In Situ synthesis of Three-Dimensional Self-Assembled SnO2 - Reduced Graphene Oxide Architecture for Lithium Ion Batteries
Of the available techniques for integrating nanostructured building blocks into macroscopic materials, the fabrication of self-assembled, 3-D graphene structures has been recognized as one of the most effective, as it is capable of harnessing nanoscale properties to provide novel functionalities of hierarchically structured macroscopic devices.

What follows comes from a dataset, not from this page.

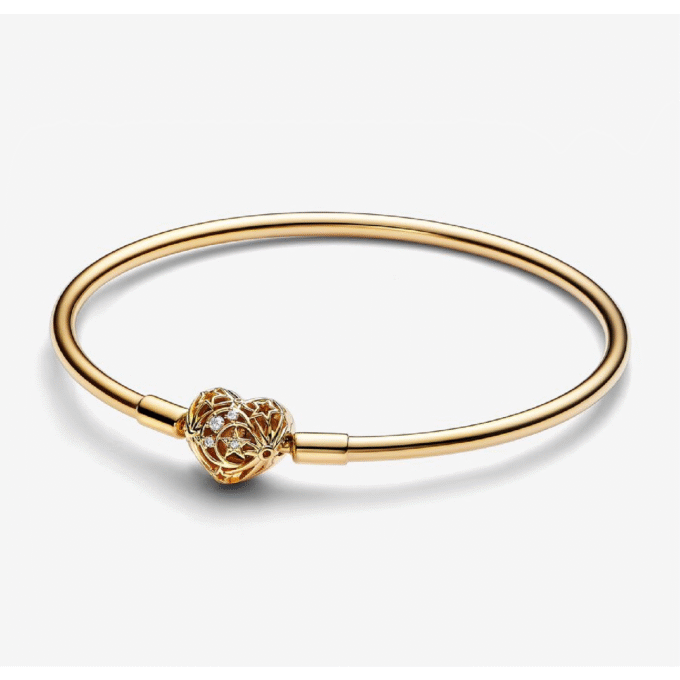 Pandora 14K Yellow Gold Plated Heart Clasp Bangle Bracelet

Furthermore, superstructures assembled in this way exhibit unique collective physiochemical properties different from those of the individual components and bulk material, which help enrich the variety of graphene-based materials and broaden their capacity for practical application.3A number of different interactions such as dipole interactions, electrostatic attraction or repulsion, hydrophilic/hydrophobic interactions, and hydrogen bonding have also been utilized in the self-assembly process itself.

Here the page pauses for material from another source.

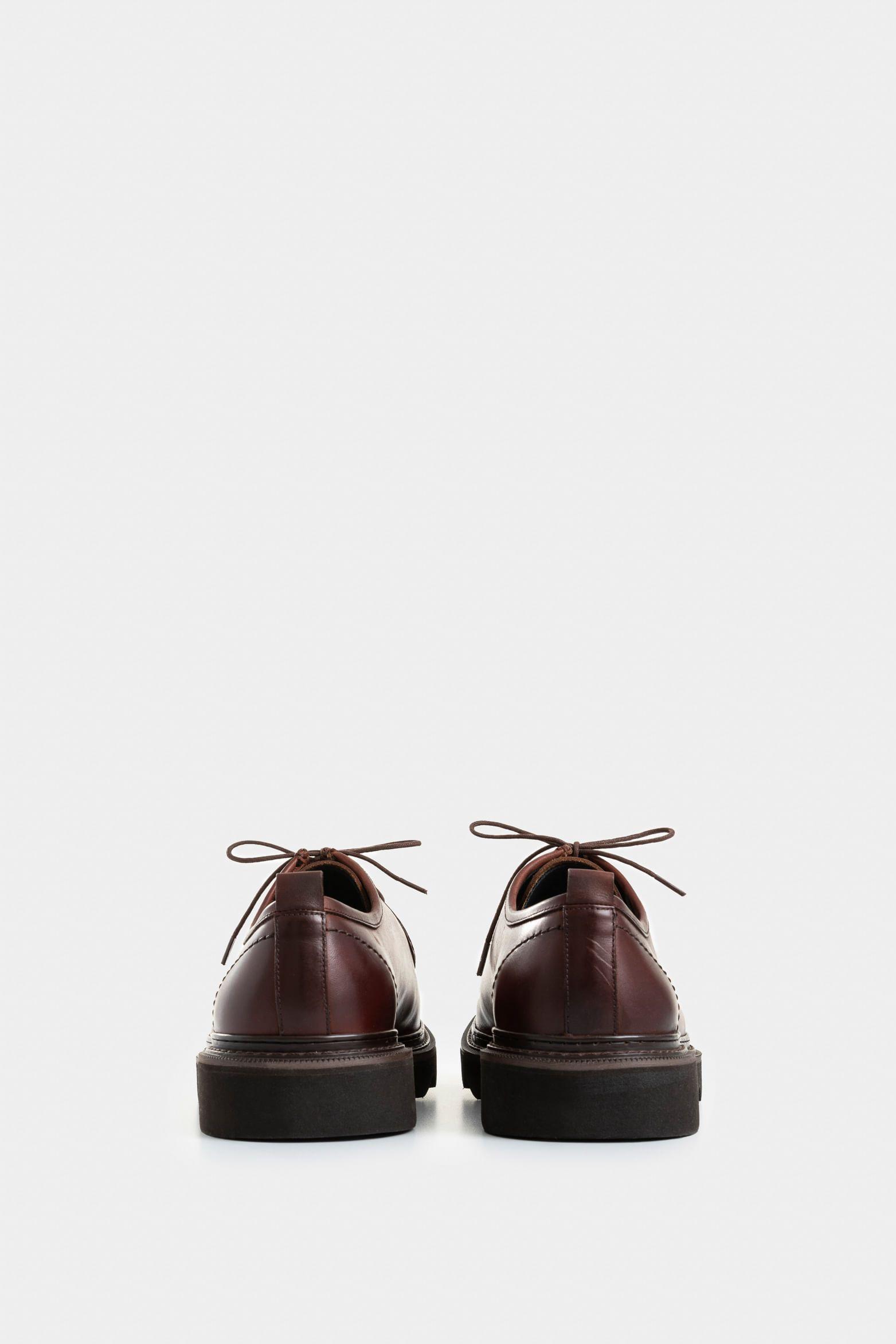 Vélez Zapato Cordón Ambar Cuero Hombre Costura Contraste Vinotinto-2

Studies pertaining to composites of graphene and nanoparticles have flourished in recent years, as such materials combine the advantages of both graphene and nanoparticles and therefore have potential for application in catalysis, sensors, and energy fields.4 More recently, the capture of pre-prepared metal oxide nanoparticles or metal salts in 3-D graphene networks has been reported as possible with the assistance of a suitable reducing agent (NaHSO3, Na2S, vitamin C, HI, and hydroquinone).5
In most previous studies, nanometer-sized 3-D structured metal oxide (MO)–graphene has been synthesized by physically mixing the MO with graphene oxide (GO), dispersing it in an aqueous solution, and then adding a reducing agent. In this process, MO particles are randomly captured and aggregated between the graphene sheets, which significantly inhibits their nanoscale effects.6 Consequently, most such materials are instead prepared from 2-D graphene nanosheets onto which nanoparticles have been deposited or adsorbed, and there are still very few reports on different routes for directly preparing 3-D graphene–nanoparticle composites.7
With this in mind, we herein report on a self-assembled, 3-D RGO architecture that is prepared with electrochemically active SnO2 interfacially anchored between highly conductive RGO structures. This was achieved with a simple one-pot synthesis in which a SnCl2 was used not only as a reducing agent to transform GO into highly conductive 3-D RGO but also as a precursor to form a 3-D SnO2 structure under carefully controlled reduction conditions. The 3D SnO2-RGO composite synthesized in this manner is electrochemically assessed for use as a binder-free anode in high-rate Li-ion batteries.
More details on the synthetic procedure, electrochemical and structural properties will be presented at the meeting.